• _Action item_: Find the line with "If the toothbrush" in the entries below, then output every line from it down to the line with "Now do the pH", exactly and with no pictures.

• _Data to examine_:
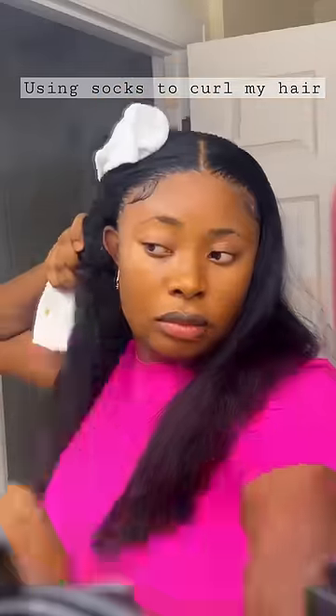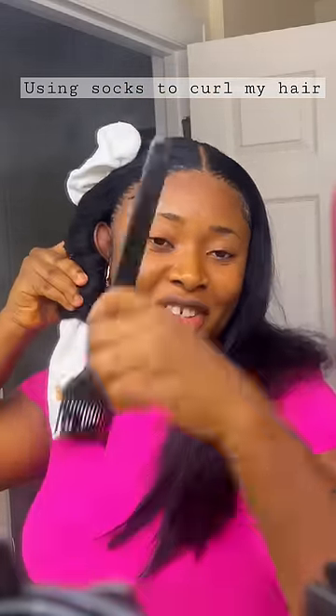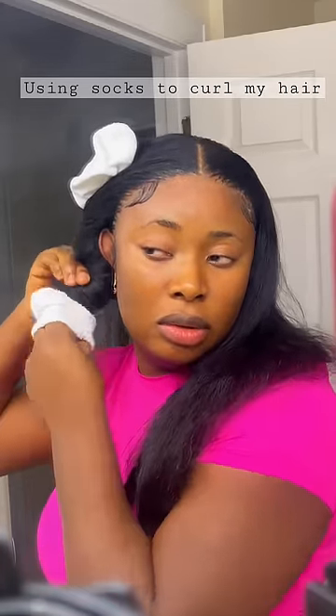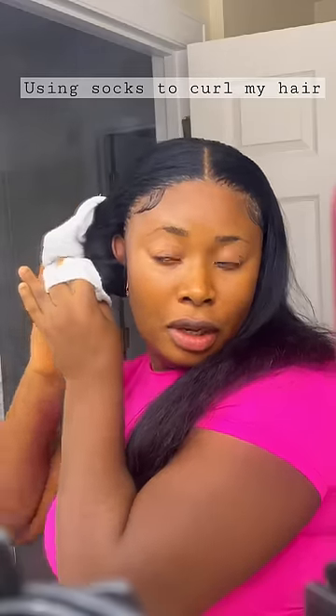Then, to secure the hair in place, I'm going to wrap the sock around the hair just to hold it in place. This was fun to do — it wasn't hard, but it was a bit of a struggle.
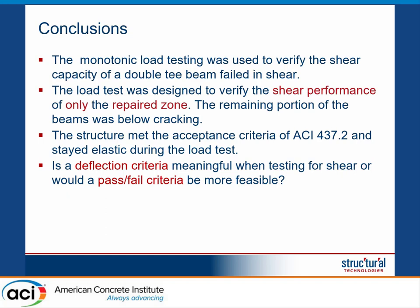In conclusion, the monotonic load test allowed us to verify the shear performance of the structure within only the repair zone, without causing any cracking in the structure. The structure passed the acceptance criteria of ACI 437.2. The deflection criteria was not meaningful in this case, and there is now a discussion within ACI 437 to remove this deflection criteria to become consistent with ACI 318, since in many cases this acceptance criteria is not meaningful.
...
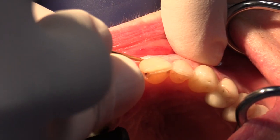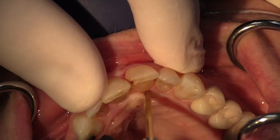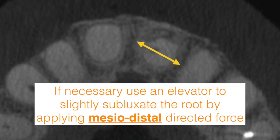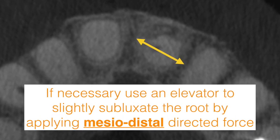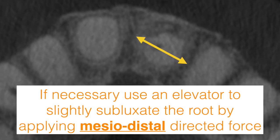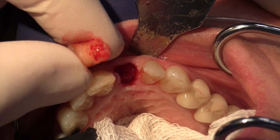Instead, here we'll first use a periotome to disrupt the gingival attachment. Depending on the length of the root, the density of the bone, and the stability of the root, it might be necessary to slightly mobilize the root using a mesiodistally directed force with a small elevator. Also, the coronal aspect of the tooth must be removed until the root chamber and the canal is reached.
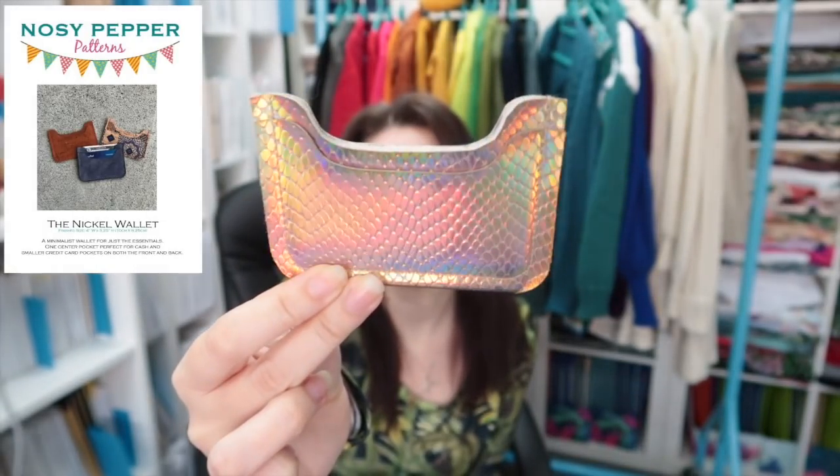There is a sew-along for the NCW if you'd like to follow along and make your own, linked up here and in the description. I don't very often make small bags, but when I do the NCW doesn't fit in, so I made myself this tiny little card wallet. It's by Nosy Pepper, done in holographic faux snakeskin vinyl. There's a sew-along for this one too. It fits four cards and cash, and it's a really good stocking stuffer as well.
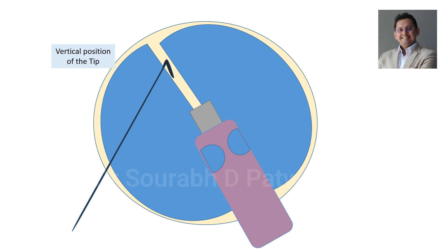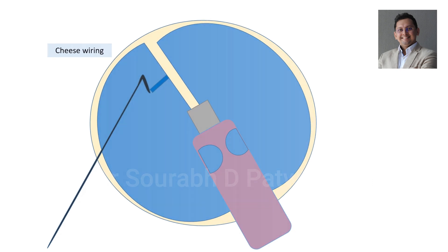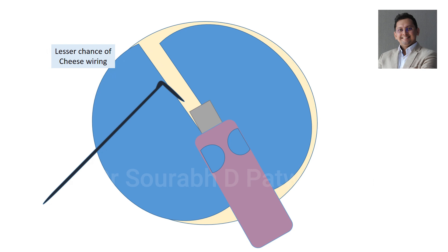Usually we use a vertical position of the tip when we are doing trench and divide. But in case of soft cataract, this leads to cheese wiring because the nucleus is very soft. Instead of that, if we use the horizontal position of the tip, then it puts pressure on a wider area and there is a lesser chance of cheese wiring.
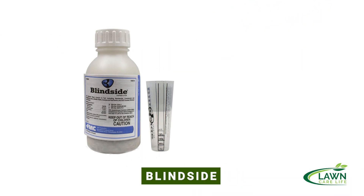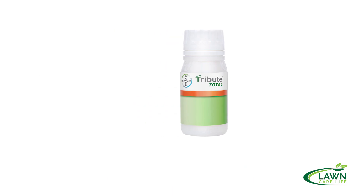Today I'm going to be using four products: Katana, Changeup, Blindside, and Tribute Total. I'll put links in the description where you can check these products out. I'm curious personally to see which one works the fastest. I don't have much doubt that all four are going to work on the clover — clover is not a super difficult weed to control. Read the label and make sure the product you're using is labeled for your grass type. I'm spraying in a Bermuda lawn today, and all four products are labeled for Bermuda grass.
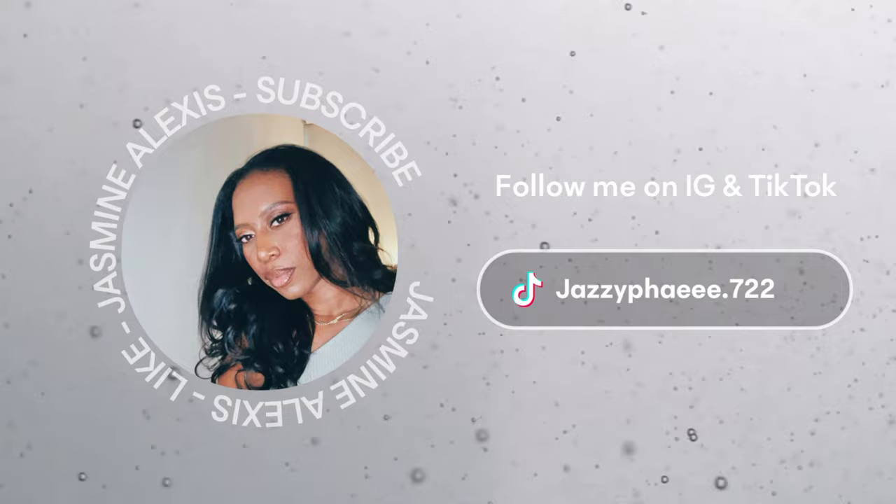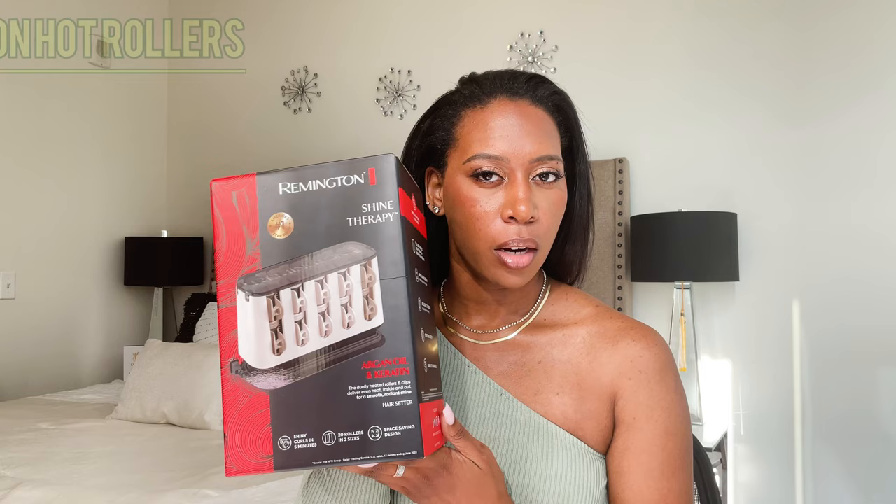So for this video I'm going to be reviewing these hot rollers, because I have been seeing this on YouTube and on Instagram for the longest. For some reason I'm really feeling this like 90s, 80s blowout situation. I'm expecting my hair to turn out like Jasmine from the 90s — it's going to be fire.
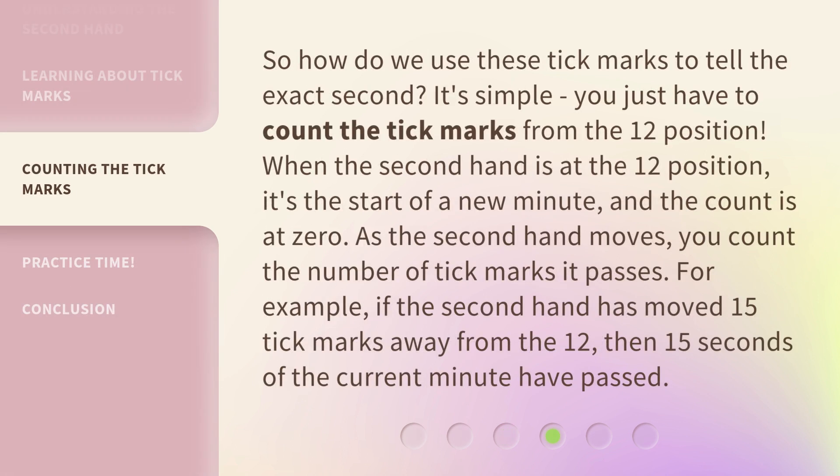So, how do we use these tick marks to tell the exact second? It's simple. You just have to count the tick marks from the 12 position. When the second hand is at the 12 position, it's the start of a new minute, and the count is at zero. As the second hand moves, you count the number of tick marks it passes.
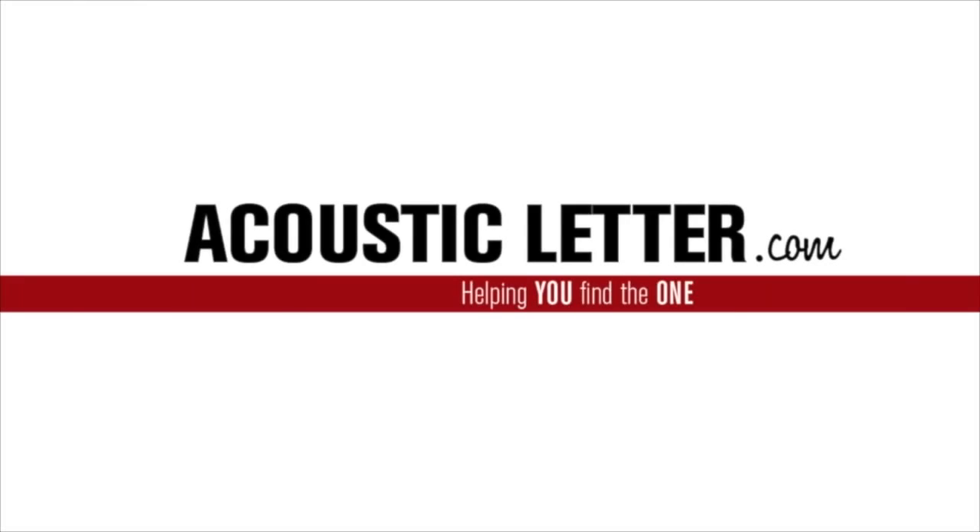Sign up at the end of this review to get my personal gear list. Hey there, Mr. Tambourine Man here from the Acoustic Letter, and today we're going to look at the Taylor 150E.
--
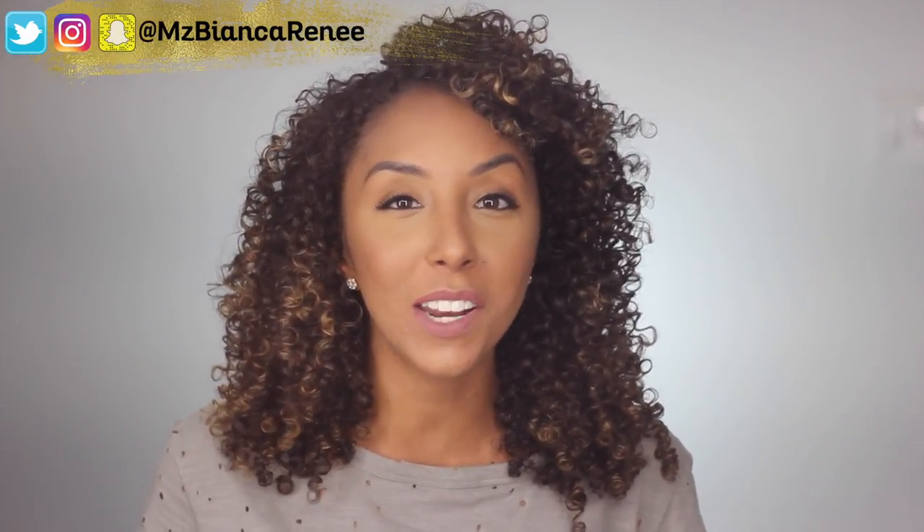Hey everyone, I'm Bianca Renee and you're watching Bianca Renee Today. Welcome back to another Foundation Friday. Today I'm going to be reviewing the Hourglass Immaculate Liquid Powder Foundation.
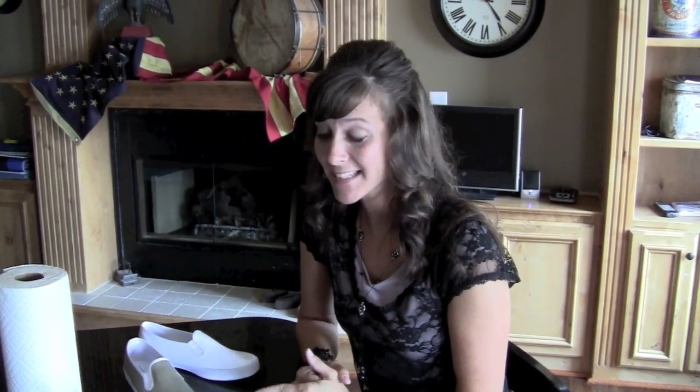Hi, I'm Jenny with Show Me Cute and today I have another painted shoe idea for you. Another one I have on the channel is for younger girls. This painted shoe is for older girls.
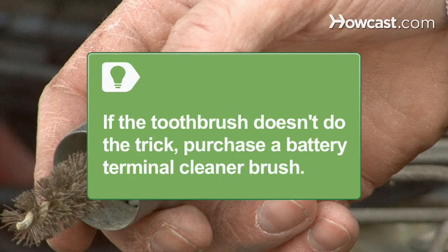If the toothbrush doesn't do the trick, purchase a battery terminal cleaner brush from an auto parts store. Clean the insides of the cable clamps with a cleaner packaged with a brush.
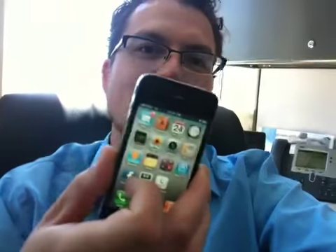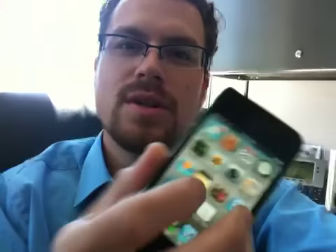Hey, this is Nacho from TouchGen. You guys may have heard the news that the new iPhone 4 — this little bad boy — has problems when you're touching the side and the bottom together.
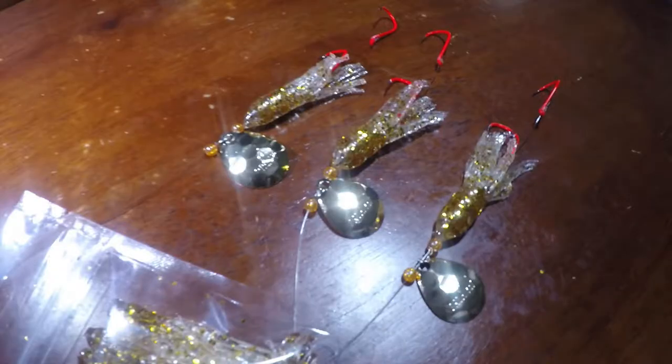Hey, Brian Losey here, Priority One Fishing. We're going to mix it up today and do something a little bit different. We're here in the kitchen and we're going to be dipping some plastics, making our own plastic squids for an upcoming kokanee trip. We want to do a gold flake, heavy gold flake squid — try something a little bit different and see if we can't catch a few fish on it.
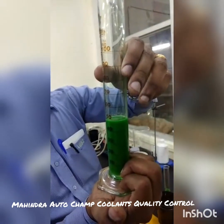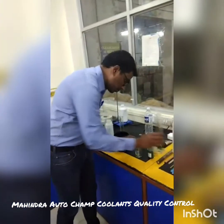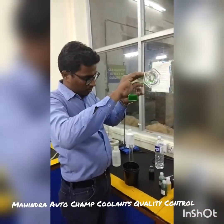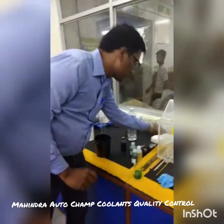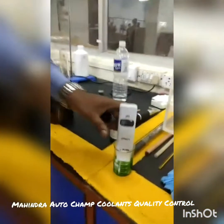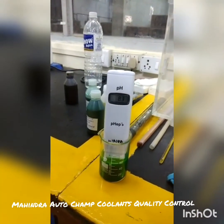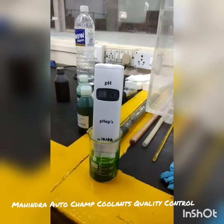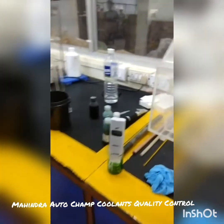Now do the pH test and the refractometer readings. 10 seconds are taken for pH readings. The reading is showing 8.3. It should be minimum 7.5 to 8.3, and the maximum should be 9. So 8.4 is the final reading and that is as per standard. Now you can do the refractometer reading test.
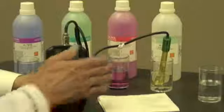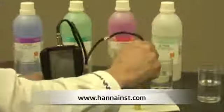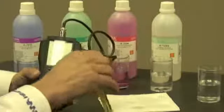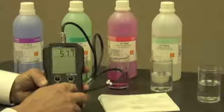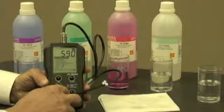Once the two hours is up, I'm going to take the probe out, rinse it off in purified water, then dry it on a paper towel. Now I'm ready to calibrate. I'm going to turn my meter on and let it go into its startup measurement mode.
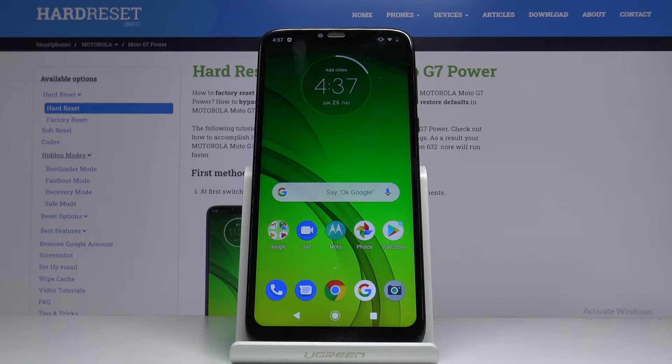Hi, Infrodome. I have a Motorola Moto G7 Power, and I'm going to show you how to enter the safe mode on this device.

• _Solution to this problem_:
If the toothbrush doesn't do the trick, purchase a battery terminal cleaner brush from an auto parts store. Clean the insides of the cable clamps with a cleaner packaged with a brush.
Hey, this is Nacho from TouchGen. You guys may have heard the news that the new iPhone 4 — this little bad boy — has problems when you're touching the side and the bottom together.
Hey, Brian Losey here, Priority One Fishing. We're going to mix it up today and do something a little bit different. We're here in the kitchen and we're going to be dipping some plastics, making our own plastic squids for an upcoming kokanee trip. We want to do a gold flake, heavy gold flake squid — try something a little bit different and see if we can't catch a few fish on it.
Now do the pH test and the refractometer readings. 10 seconds are taken for pH readings. The reading is showing 8.3. It should be minimum 7.5 to 8.3, and the maximum should be 9. So 8.4 is the final reading and that is as per standard. Now you can do the refractometer reading test.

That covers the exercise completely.